The school has space to accommodate the extra students, which was a factor in offering the slots, Verges said.
Other Catholic schools in the area, such as Sacred Heart, St. Aloysius, St. Joseph’s Academy and Catholic High School, have opted not to participate in the voucher program, Verges said.
“They turn away so many students,” she said. “It’s a problem with capacity, that’s all it is.”
Verges said more Catholic schools could participate in the future. “I fully expect that next year, we will look at an expansion of the program.”
The largest number of slots in the parish is at Hosanna Christian Academy, which has 200 slots to add to its 350 students.
Principal Josh LeSage originally said the school would look to add about 60 voucher students, but increased the number after consulting with parents who send their children to the school.
LeSage said Hosanna had already received more than 600 voucher-related applications.
Staffing would be key in determining how many voucher students the school accepts, LeSage said, adding that he expected to take at least 200.
“We probably have capacity for 650 students,” LeSage said of the school. “The school was at about 550 right after (Hurricane) Katrina.”
Hosanna has provisionally opened up 50 voucher slots in kindergarten and first and second grades, and just five voucher slots in the third through 12th grades, according to the Department of Education’s website.
“Taking younger kids is strategic,” LeSage said. “It minimizes risk.”
On the other end of the spectrum, St. Michael the Archangel High School has opened two ninth-grade voucher slots in a student body of 715, according to state records.
Similarly, The Dunham School has four kindergarten voucher slots to add to its 802 current students.
The Department of Education’s review of the schools will include several elements, said Landry, the agency spokesman.
“In many cases, this will involve a review of the school’s current and proposed staffing plan, facilities, and instructional plan,” Landry said. The reviews could involve discussions with school leaders and site visits, he said.
“I think you will find tremendous variation,” said Jacobs, who has studied the voucher program in New Orleans. “If you have two schools, each with 300 students, and one has 20 voucher students spread through grades K-8, it’s going to be different from one that is all voucher students.”
One of the state’s two largest teacher unions, the Louisiana Federation of Teachers, filed suit Thursday to stop the implementation of the voucher program. The suit alleges that the bill illegally bundled what should have been multiple proposals into a single piece of legislation.
The union has asked a state judge to issue an injunction suspending implementation while the court case is heard.

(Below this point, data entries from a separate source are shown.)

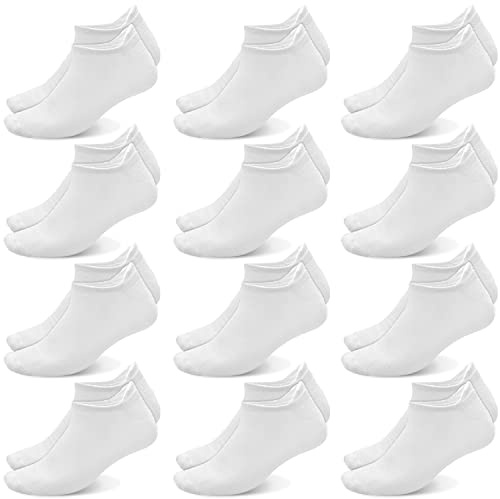 Poligono Calzini Uomo e Donna,Fantasmini Invisibili Leggero e morbido,Calze Corte Cotone Traspirante Sportive,Calzini Unisex Comodo Aderente,Pacco da 12,Bianco,43-46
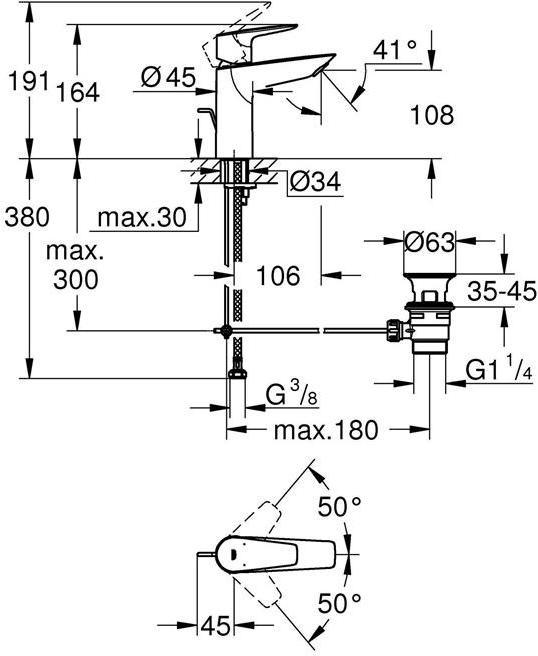 Image du produit Grohe Mitigeur monocommande pour lavabo BAUEDGE 1/2 pouce M-Size chr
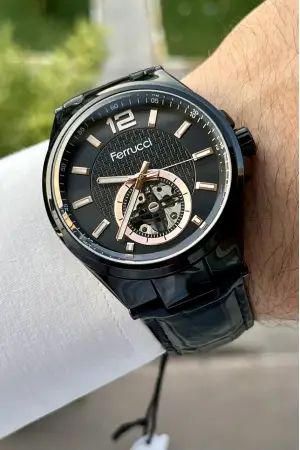 Ferrucci FCISTE138 Siyah Renk Otomatik Deri Kordon Erkek Kol Saati
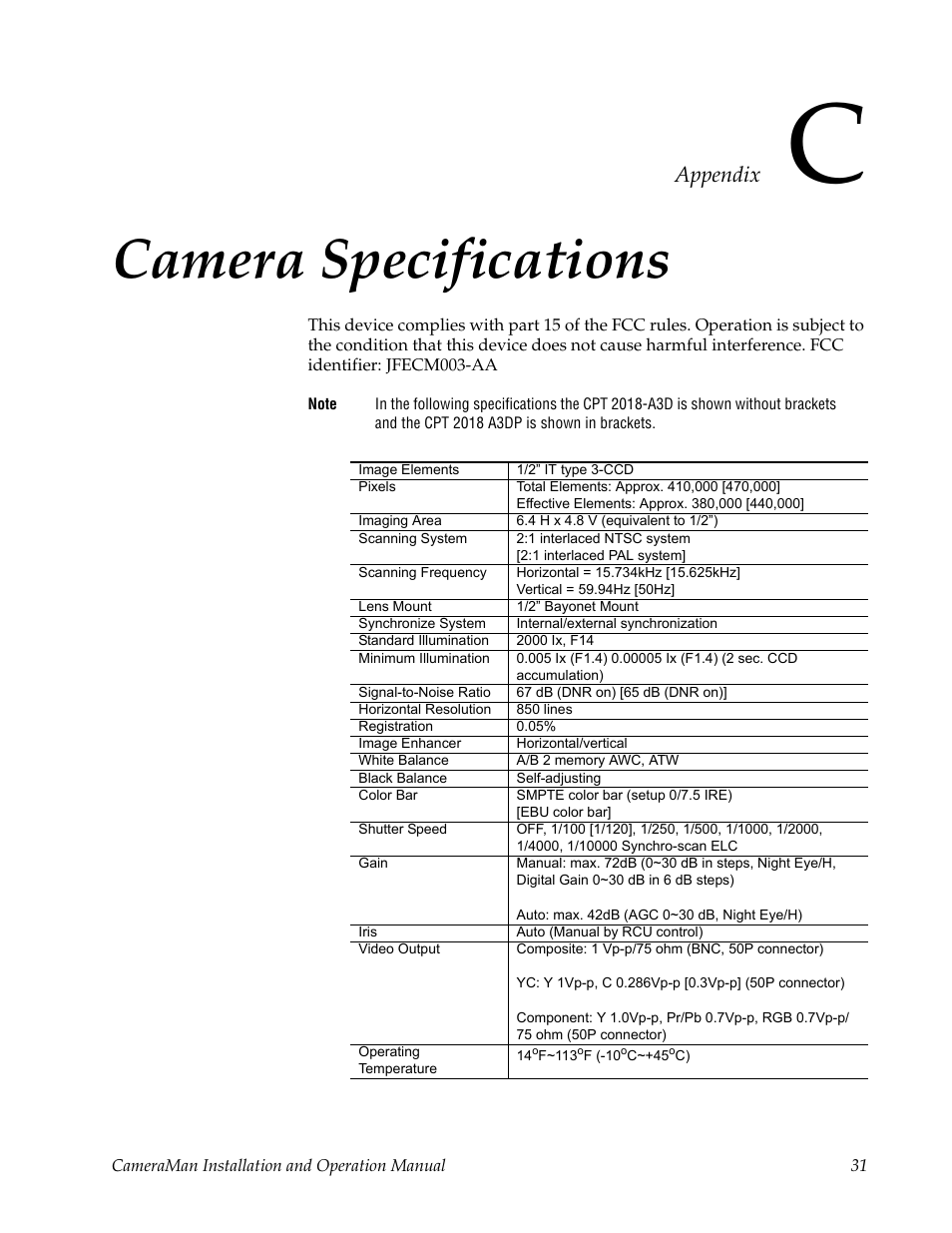 Appendix c, Camera specifications, Appendix | Grass Valley 3-CCD CameraMan User Manual | Page 31 / 102
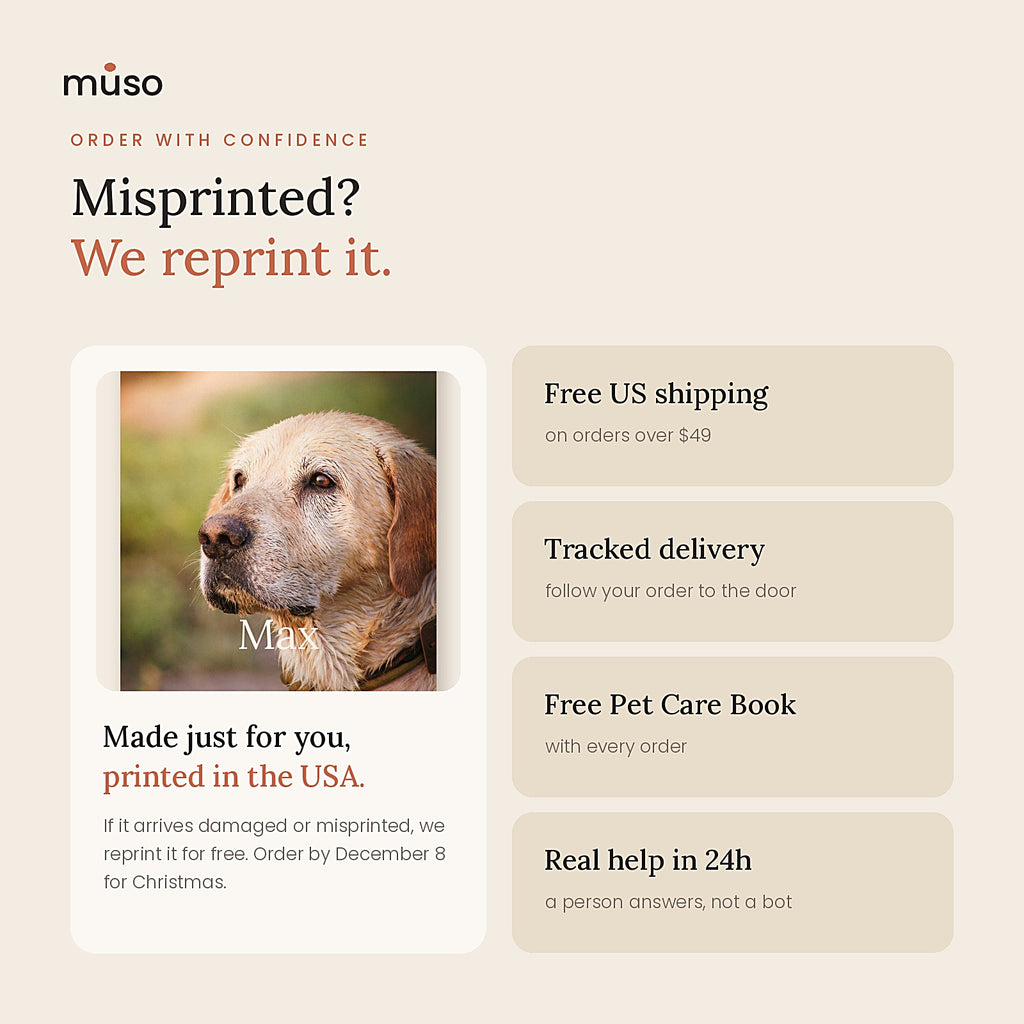 MUSO guarantee: free reprint if damaged or misprinted, free US shipping over $49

Under the legislation, students who attended a private school in 2011-12 would not be eligible for the vouchers, according to the program’s website.
To be eligible, kindergarten to 12th-grade students must have attended a C-, D- or F-rated public school in 2011-12 or be entering kindergarten for the first time in 2012-13.
Students awarded vouchers in 2011-12 also are eligible, but this applies only to a small group of students from the New Orleans area.